Exact solution: y₁ = cos x, y₂ = e^x cos x

Problem 3: 

$y_1^{″}=\frac{-y_1}{\sqrt{y_1^2+y_2^2}} y_1\left(0\right)=1, y_1^{\prime }\left(0\right)=0,h=0.01$

$y_2^{″}=\frac{-y_2}{\sqrt{y_1^2+y_2^2}} y_2\left(0\right)=0, y_2^{\prime }\left(0\right)=1,$

Exact solution: y₁ = cos x, y₂ = sin x

Problem 4: 

$y^{″}=x{\left(y^{\prime }\right)}^2 , y\left(0\right)=1, y^{\prime }\left(0\right)=\frac{1}{2}, h=\frac{1}{30}$.

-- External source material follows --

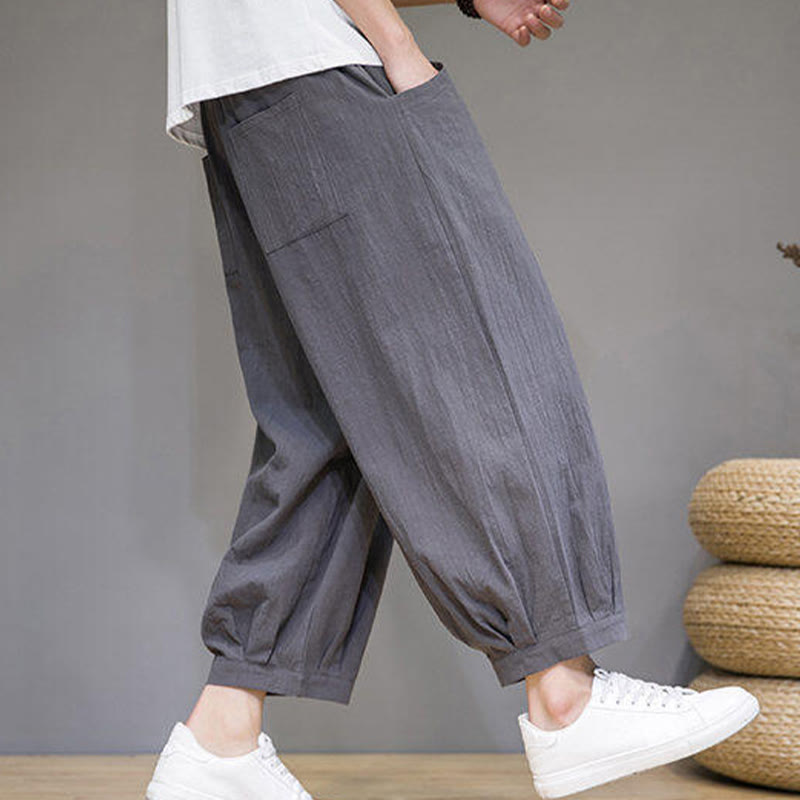 Buddha Stones Pantaloni harem casual da uomo in cotone, lunghezza 7-8, con tasche - image 5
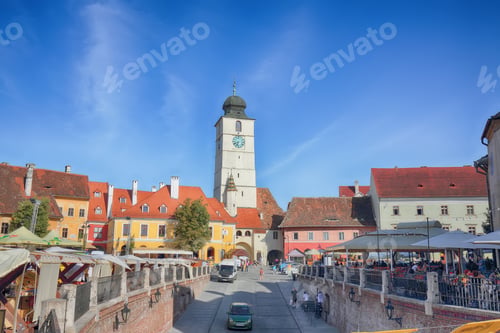 Preview: Amazing View of Lesser Square and Council Tower in the center of Sibiu city.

Exact solution $\mathit{y}=\mathbf{1}+\frac{\mathbf{1}}{\mathbf{2}}ln\left(\frac{\mathbf{2}+\mathit{x}}{\mathbf{2}\_\mathit{x}}\right)$

The numerical results confirm that the proposed method produces better accuracy if compared with the existing methods. This is also clear in the graph below (Figure 1).

6. Conclusions

In this article, a one-step block method with three off-step points is derived via the interpolation collocation approach. The developed method is consistent, zero-stable, convergent, with a region of absolute stability and order five. The numerical results generated when the new developed method was applied to three systems of second-order initial value problems above have shown the high accuracy of the new method.